_ACTION ITEM_
Please repeat the records below exactly, but only from the line that contains "Dickens' Village Series" onward, ending with the last line.

_DATA_
-=-=-=-=-
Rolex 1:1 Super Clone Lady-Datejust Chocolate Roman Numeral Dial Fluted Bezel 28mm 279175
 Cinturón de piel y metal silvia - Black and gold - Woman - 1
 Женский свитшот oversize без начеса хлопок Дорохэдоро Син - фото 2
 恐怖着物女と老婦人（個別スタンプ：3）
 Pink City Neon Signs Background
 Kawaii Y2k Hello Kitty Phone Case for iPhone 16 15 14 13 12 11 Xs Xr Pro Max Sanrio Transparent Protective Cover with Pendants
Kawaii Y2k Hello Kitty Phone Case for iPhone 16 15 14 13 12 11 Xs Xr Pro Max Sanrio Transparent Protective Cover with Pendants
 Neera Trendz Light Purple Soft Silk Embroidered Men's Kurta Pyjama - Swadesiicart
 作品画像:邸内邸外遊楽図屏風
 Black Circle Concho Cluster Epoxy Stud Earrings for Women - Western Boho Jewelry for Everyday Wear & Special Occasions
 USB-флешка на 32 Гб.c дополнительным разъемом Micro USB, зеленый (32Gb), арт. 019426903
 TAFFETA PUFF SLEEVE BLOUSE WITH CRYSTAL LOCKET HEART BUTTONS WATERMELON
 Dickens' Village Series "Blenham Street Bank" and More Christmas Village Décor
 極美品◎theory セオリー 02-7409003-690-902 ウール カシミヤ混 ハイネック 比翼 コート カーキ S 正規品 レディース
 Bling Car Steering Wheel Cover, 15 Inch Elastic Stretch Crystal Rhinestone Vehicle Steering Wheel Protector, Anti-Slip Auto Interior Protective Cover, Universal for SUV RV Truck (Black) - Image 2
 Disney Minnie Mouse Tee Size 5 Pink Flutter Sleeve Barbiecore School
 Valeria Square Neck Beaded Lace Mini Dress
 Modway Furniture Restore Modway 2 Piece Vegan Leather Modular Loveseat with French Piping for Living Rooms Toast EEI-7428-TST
-=-=-=-=-
_COMPLETED TASK_
 Dickens' Village Series "Blenham Street Bank" and More Christmas Village Décor
 極美品◎theory セオリー 02-7409003-690-902 ウール カシミヤ混 ハイネック 比翼 コート カーキ S 正規品 レディース
 Bling Car Steering Wheel Cover, 15 Inch Elastic Stretch Crystal Rhinestone Vehicle Steering Wheel Protector, Anti-Slip Auto Interior Protective Cover, Universal for SUV RV Truck (Black) - Image 2
 Disney Minnie Mouse Tee Size 5 Pink Flutter Sleeve Barbiecore School
 Valeria Square Neck Beaded Lace Mini Dress
 Modway Furniture Restore Modway 2 Piece Vegan Leather Modular Loveseat with French Piping for Living Rooms Toast EEI-7428-TST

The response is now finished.